Et Dieu qui semble si absent de nos luttes, de nos mises à l’écart, de ces injustices qui ne demandent qu’à être supprimées.
Où est Dieu ?
Où se tient le Christ ?
Le Christ se tient sur nos routes.
La route des disciples, des sympathisants, des opposants, la route des bien-pensants, la route des petits et des malades, la route de tous les pèlerins qui s’en vont à la rencontre des autres, de Dieu et d’eux-mêmes, la route de ceux qui crient souvent en silence : « Aie pitié de nous ».
Nous ne pouvons plus continuer tout seuls. Nous n’avons plus d’horizon et encore moins d’espérance. Notre vie ne vaut rien, parce qu’elle ne peut rien. Et ne nous parle pas des demi-verres d’eau pleins, des paroles qui nous désignent l’au-delà, des lumières apaisantes auprès du Père. Pour nous, ce qui compte, c’est ici et maintenant.
Il y a des gens autour de nous qui portent bien, et qui pourtant n’ont aucun éloge à faire valoir. Et vous aimeriez que nous nous fassions porteurs de louange ! Louer Dieu, reconnaître sa présence et son engagement dans ce monde, mais vous n’y pensez pas ! On ne règle pas les problèmes du monde avec de bons sentiments. Il nous faut du lourd, de ce qui est visible et reconnaissable par tous.
« Allez vous montrer aux prêtres » ? Pour qu’il n’y ait aucun doute sur mes intentions. Votre guérison ne vous concerne pas seuls, elle est un signe, au milieu de ce monde malade, de la présence et de l’attention de Dieu à ce monde.
Alors, face à tout ce qui semble contester la présence de Dieu dans ce monde, face à tout ce que nous mettons en place pour lui contester cette place-là, il y a ces mots qui guérissent, ces gestes qui invitent.
Mais que faisons-nous de tout ce qui nous est offert de beau ? Est-ce que ça va être un article de plus dans notre éloge funèbre ? Ou bien notre vie va-t-elle être transformée réellement maintenant ? Tenons-nous pour dû ce qui nous arrive de bon ?
L’évangile a oublié les neuf lépreux guéris et qui ont disparu dans la nature pour n’en garder qu’un seul: celui qui a trouvé en lui la force et la joie de la louange.
La louange ! Comme modèle de la relation avec Dieu ! Pour dire merci, malgré tout. Pour quitter une vie sans merci et entrer dans une existence transformée, Dieu merci ! Entrer dans une vie qui cherche et qui trouve de bonnes raisons de reconnaissance, au lieu de s’enfoncer dans celles de blâmer, de dénigrer, de médire, ou pire d’accuser.

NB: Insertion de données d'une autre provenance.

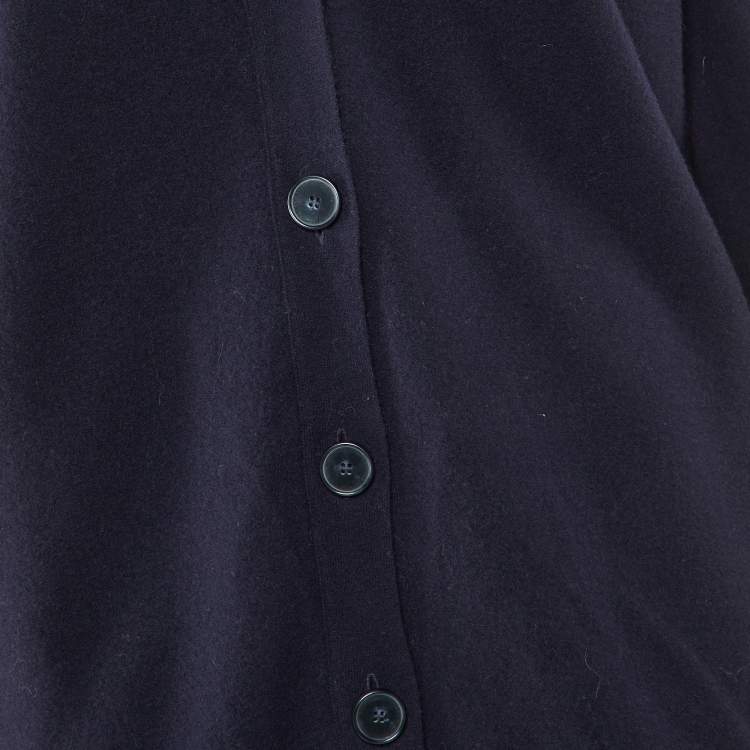 Pre Owned Stella McCartney Navy Blue Wool Button Front Oversized Cardigan XS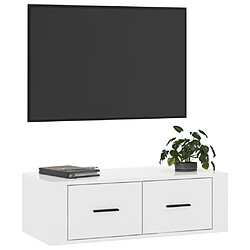 Avis vidaXL Meuble TV suspendu Blanc brillant 80x36x25 cm Bois d'ingénierie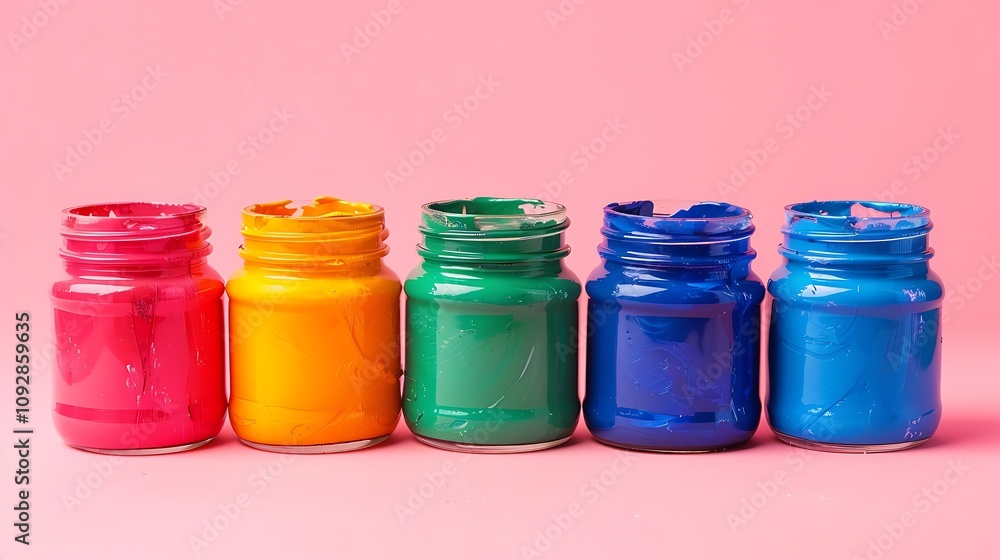 A vibrant arrangement of five paint jars in pink, orange, green, blue, and purple against a pink background. A vibrant arrangement of five paint jars in pink, orange, green, blue, and purple against a pink background.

Louer Dieu, c’est entrer dans la joie,
Louer Dieu, c’est reconnaître ce qui est donné,
Louer Dieu, c’est se mettre en chemin d’une vie qui offre plutôt qu’elle ne reprend.
La louange devient alors la plus grande contestation du malheur lorsqu’elle naît dans l’entre-deux de la relation. Il n’y a pas ni trucs ni recettes, il y a juste à se mettre à l’écoute de soi et à entendre que le Christ nous a trouvés sur le chemin de nos vies.
David loue Dieu non à cause de tout ce qu’il n’a pas fait, ni réussi, mais parce qu’il sait qu’il a été accompagné dans tout ce qu’il a vécu. Il loue Dieu en sachant que la vie - et plus particulièrement la construction du temple - continuera sans lui.
Je loue Dieu, parce qu’il est celui qui, sur mon chemin, a été d’hier, et sera de demain.
Alors, mon éloge funèbre ? Elle a déjà été écrite par celui qui a offert plus que ses mots, plus que ses gestes, plus que tout ce que je pourrais penser, en m’offrant, et à d’autres aussi, sa vie à Celui qui est digne d’être loué.
Amen.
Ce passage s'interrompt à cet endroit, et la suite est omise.